If you want to learn more about this FREE, resourceful, Helpline for parents in youth in California, keep reading.

Who
California Parent & Youth Helpline, with trained counselors ready to help parents and kids with problems that arise… anything from needing advice on parenting to finding resources if money gets tight, to talking through difficult emotional situations, or getting support on how to take the next steps to get out of a tough situation.
What
The Helpline is a free service that offers parents and youth confidential, compassionate, emotional support that is proven to work through calls, text, live chat, and emails. There are also weekly, 2-Hour Online Parenting Support Groups available as well.
Where
Parents & Youth can call, text, live chat, and email from anywhere… their home, office, or in the car. The phone number is 1-855-427-2736.
When
The Helpline is available 8 am to 8 pm Monday through Sunday. Seven days a week, for 12 hours each day.
Why
Parenting is hard. We rarely have the answers and sometimes finding the right answers is difficult. There is a lot of misinformation on the internet. There are often biases from our family and friends that keep us from getting thorough, non-judgmental advice. By offering confidential, anonymous advice, the Helpline creates a safe space for parents and youth to reach out. The best part about this Helpline is that it is free… no need to hire a therapist or pay a fee to see your doctor.

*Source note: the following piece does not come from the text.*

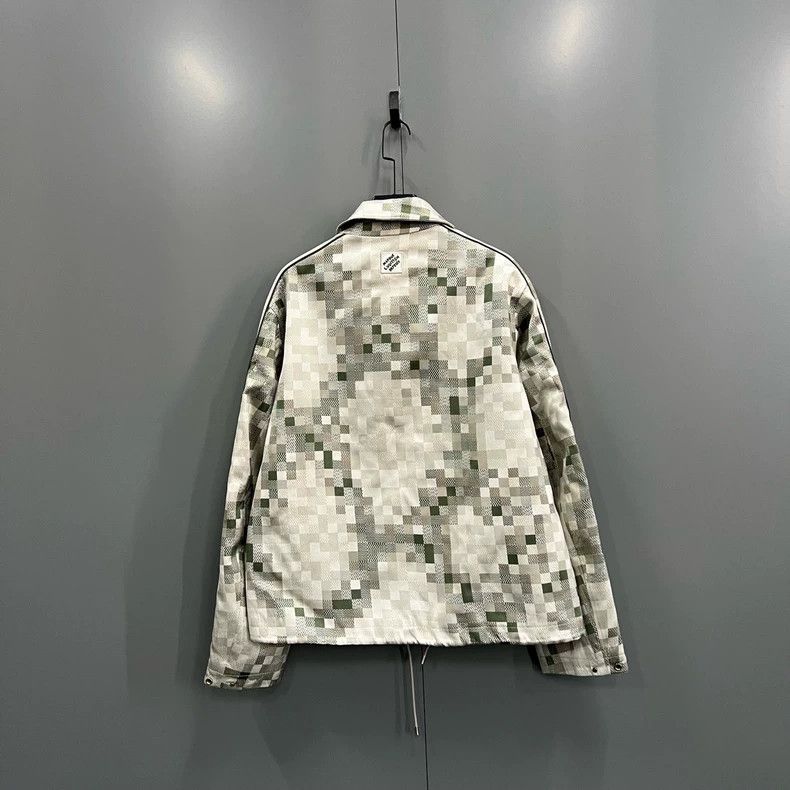 Louis Vuitton Louis Vuitton Camo Mosaic Jacket 2501-Nextarrow Size US L / EU 52-54 / 3 - 2 Thumbnail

Had I known about the Helpline in 2020, I would have called multiple times.
Questions I would have asked:
How do I get over feeling like a failure as a parent when my child is demonstrating delays?
How can I help support my husband during professional transitions?
As a spouse to a healthcare worker, what can I do to decrease the anxiety of getting sick?
How do I talk to my kids about the pandemic without making them fearful of other people or germs?
How do I get help with my kids when I am recovering from surgery and my husband is unable to be home?
I could go on and on…There is something about talking to someone about an issue and receiving efficient, thorough, non-judgmental, and helpful advice.
Don’t make my mistake… reach out sooner. You are not alone.